Fahrenheit 52


Offboarding

By the time Delian Whitlock woke up, the sun was already at its peak. Dust motes drifted in a window-shaped sun patch on his bedroom floor. Delian thought he could sense the patch creeping along the floor, the way you can sometimes see the Earth turning ever-so-slightly along the ocean horizon. An idea struck him. He grabbed the pocket-sized yellow Buddha figurine from his bedside table and leaned down from his bed to place the chubby deity on the edge of the patch. As long as Sidd remained in His transcendental repose, Delian would be able to track the sun moving across his room with an engineer's confidence.

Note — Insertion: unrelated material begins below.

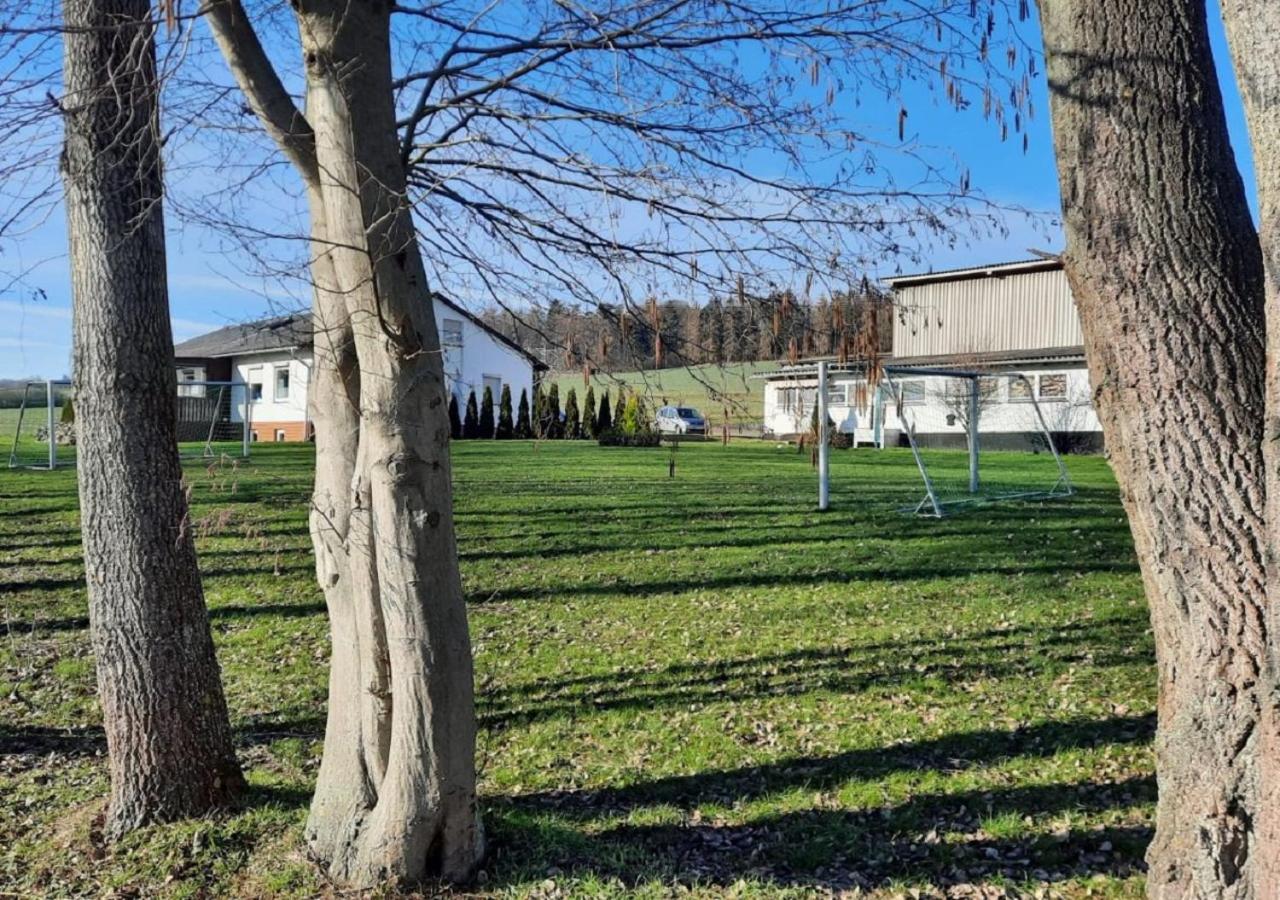 Exklusive Naturoase Direkt Am Ars Natura Wanderweg Mit Panoramablick Auf Melsungen Extérieur photo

Engineer. There's that word again.

Delian flung back the covers and stepped into his slippers, carefully lain bedside the night prior. What to do? Putter, perhaps, but what was there to putter? For he knew that free time is only valuable to someone with none of it.

Yesterday, Delian lost his job to an AI.

Delian was a software engineer by trade. A computer programmer. A highly-compensated, well-educated human being who made colorful buttons on websites do things when you clicked them. Oh, and forms. It was always something with forms.

Like the rest of his distinguished code-literate peerage, Delian had thought he was safe from technological displacement. His work, while routine, was no mere manufacturing assembly line work waiting for a robot arm. Or was it? Like bankruptcy, things moved quickly. Artists, then writers, then the coders themselves were affected. A few of Delian's more prescient co-workers had proactively updated their resumes to "Prompt Engineers." Not so for Delian.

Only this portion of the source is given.